_TASK OBJECTIVE_
In the data below, set down exactly the lines from the one containing "Rauwe zoete aardappel — Stockfoto" up to and including the one containing "2802 Jelinek Ave — Photo 8". Leave the pictures out.

_DATA TO USE_
+ + + +
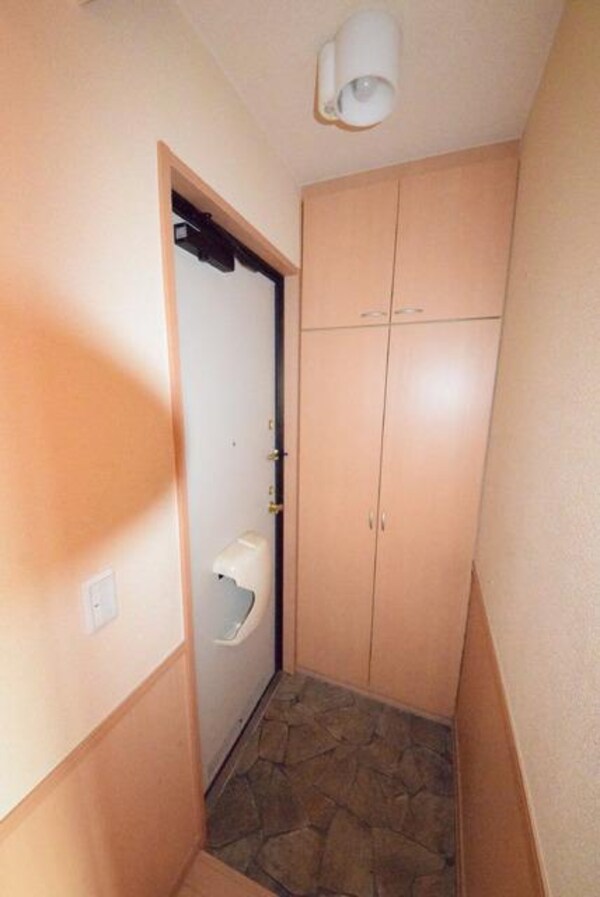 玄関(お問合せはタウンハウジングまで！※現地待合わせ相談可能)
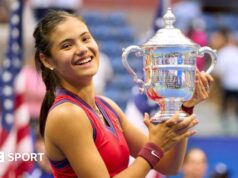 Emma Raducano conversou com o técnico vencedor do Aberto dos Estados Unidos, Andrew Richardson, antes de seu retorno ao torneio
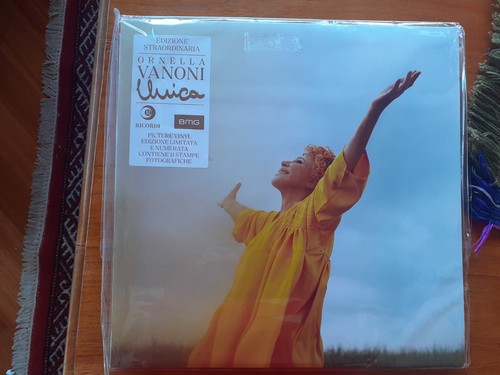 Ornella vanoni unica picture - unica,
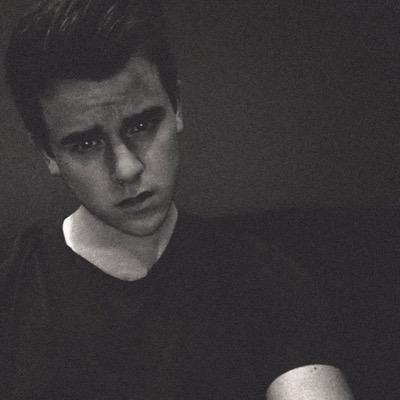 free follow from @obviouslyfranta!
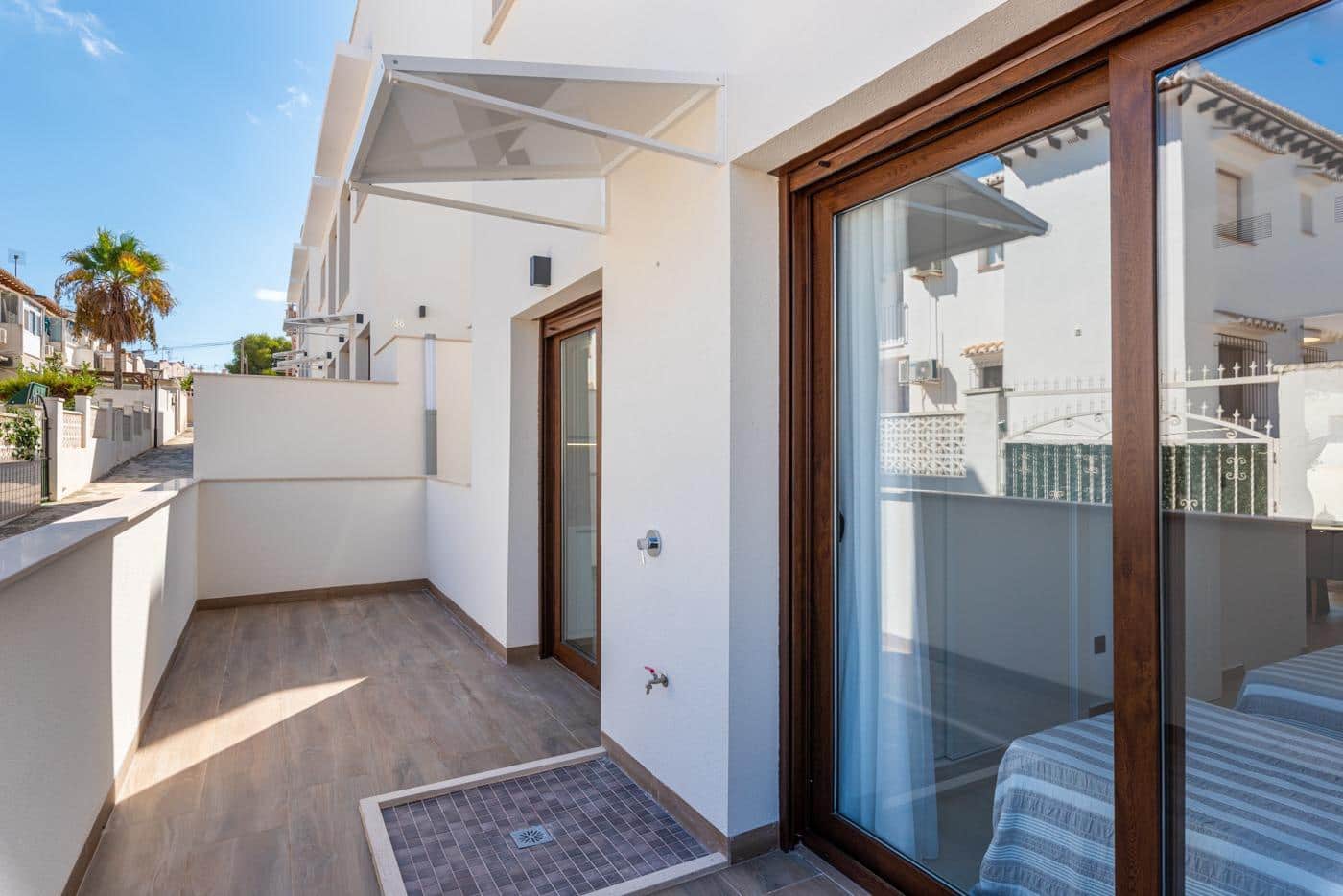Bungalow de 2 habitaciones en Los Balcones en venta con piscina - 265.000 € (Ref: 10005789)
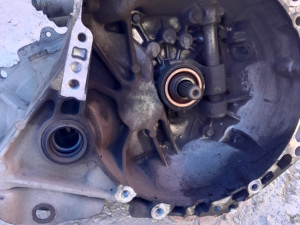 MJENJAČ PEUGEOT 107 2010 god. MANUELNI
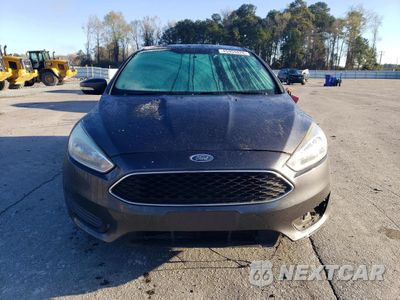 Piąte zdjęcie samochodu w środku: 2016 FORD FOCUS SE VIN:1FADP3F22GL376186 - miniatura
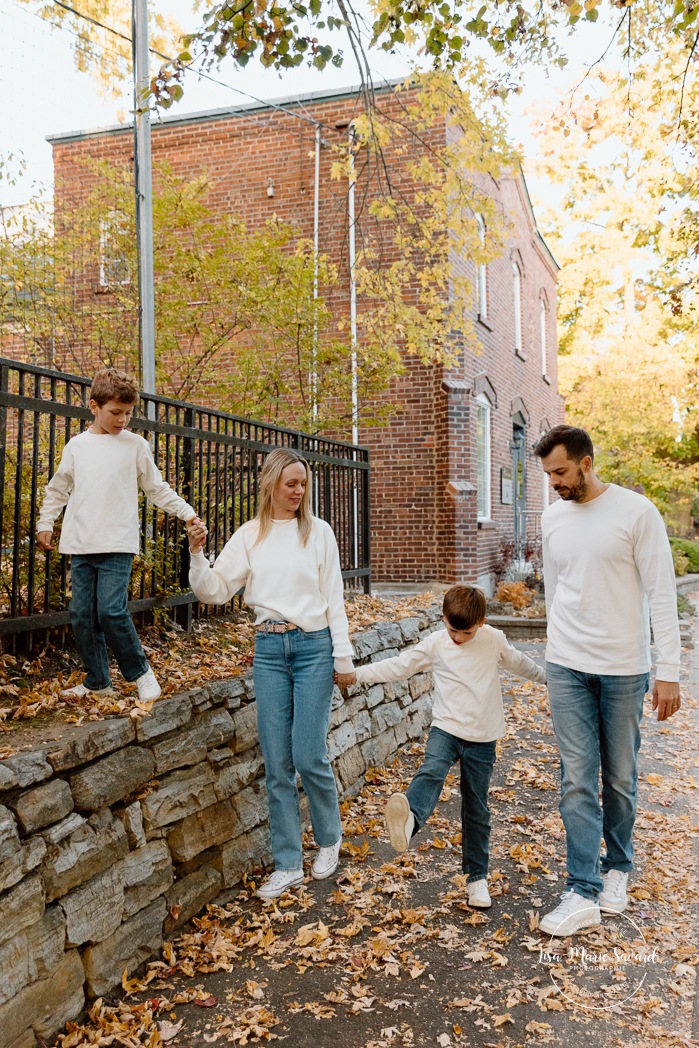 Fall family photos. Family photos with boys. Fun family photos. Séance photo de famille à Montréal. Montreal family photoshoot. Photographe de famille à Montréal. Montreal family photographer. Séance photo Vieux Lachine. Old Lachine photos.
+ + + +
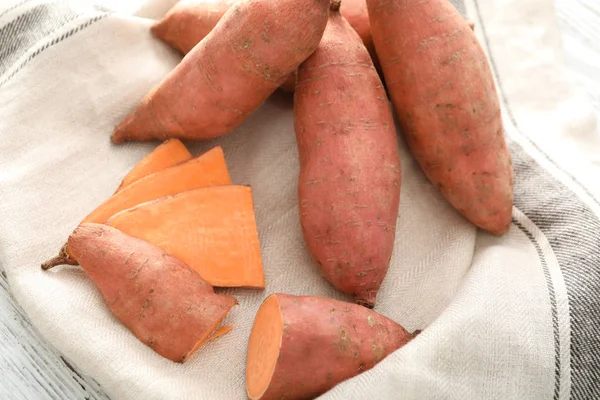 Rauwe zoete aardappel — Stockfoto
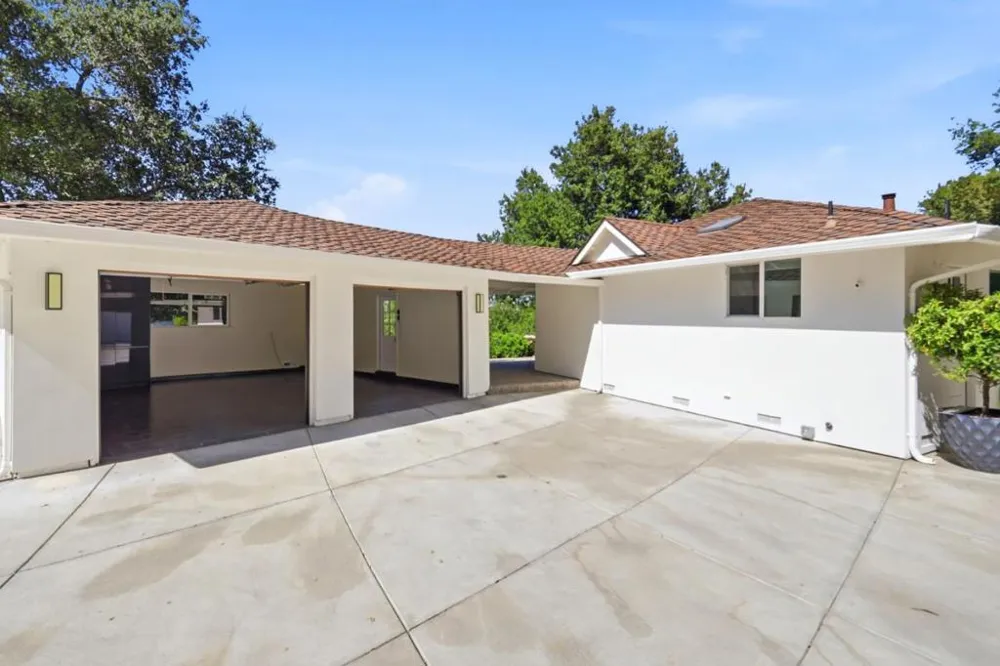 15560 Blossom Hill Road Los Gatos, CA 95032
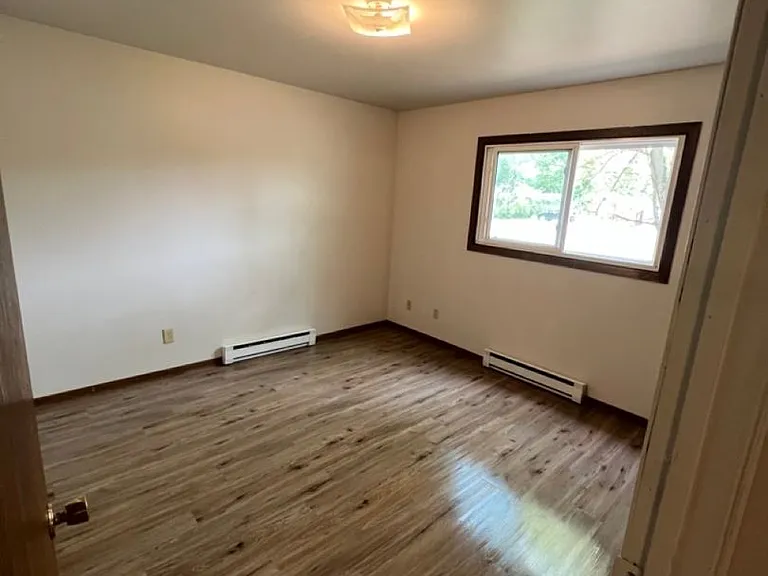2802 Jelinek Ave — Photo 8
+ + + +
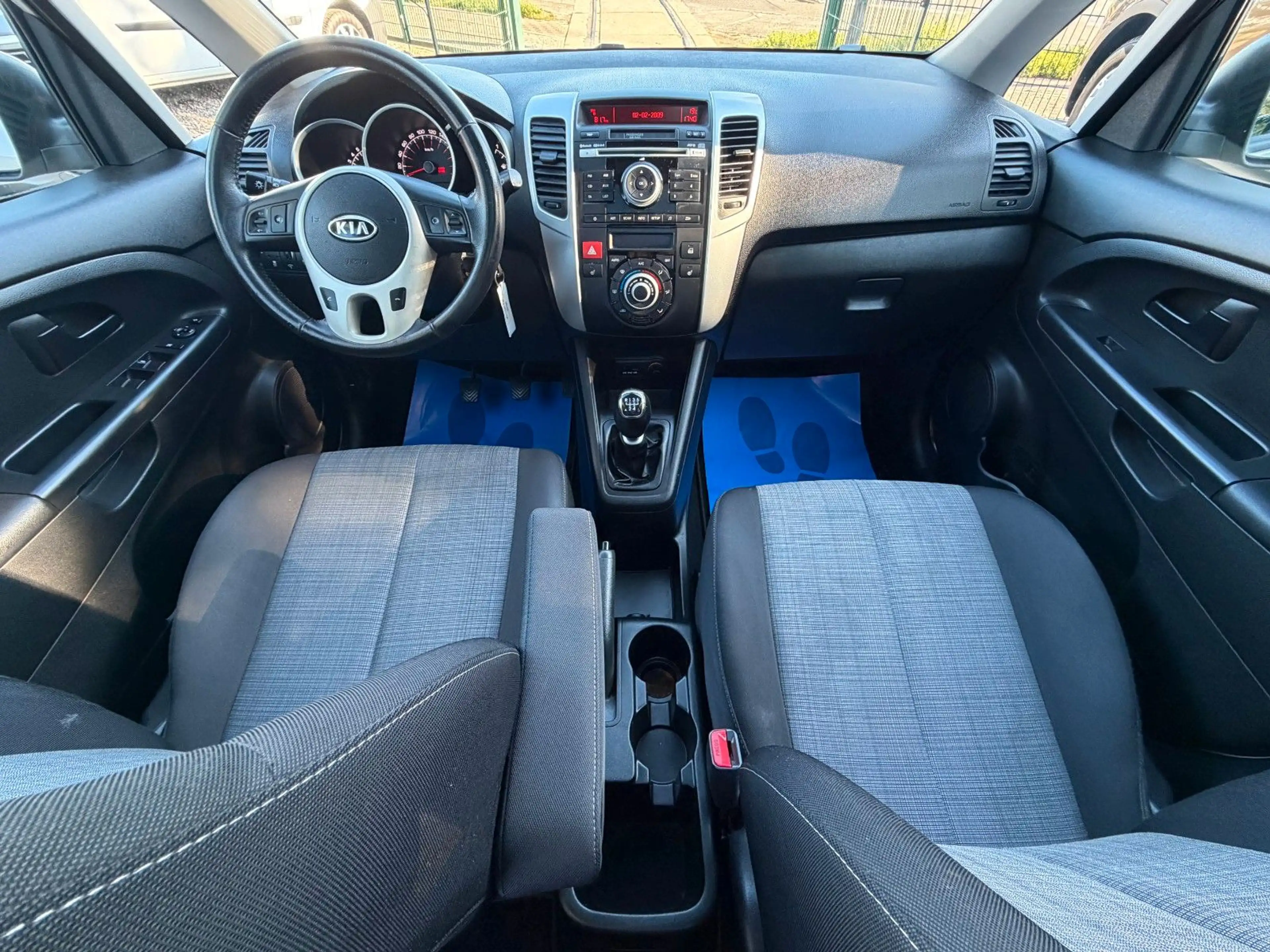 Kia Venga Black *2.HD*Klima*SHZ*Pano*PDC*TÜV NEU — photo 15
+ + + +
_REPLY TO THE TASK_
 Rauwe zoete aardappel — Stockfoto
 15560 Blossom Hill Road Los Gatos, CA 95032
2802 Jelinek Ave — Photo 8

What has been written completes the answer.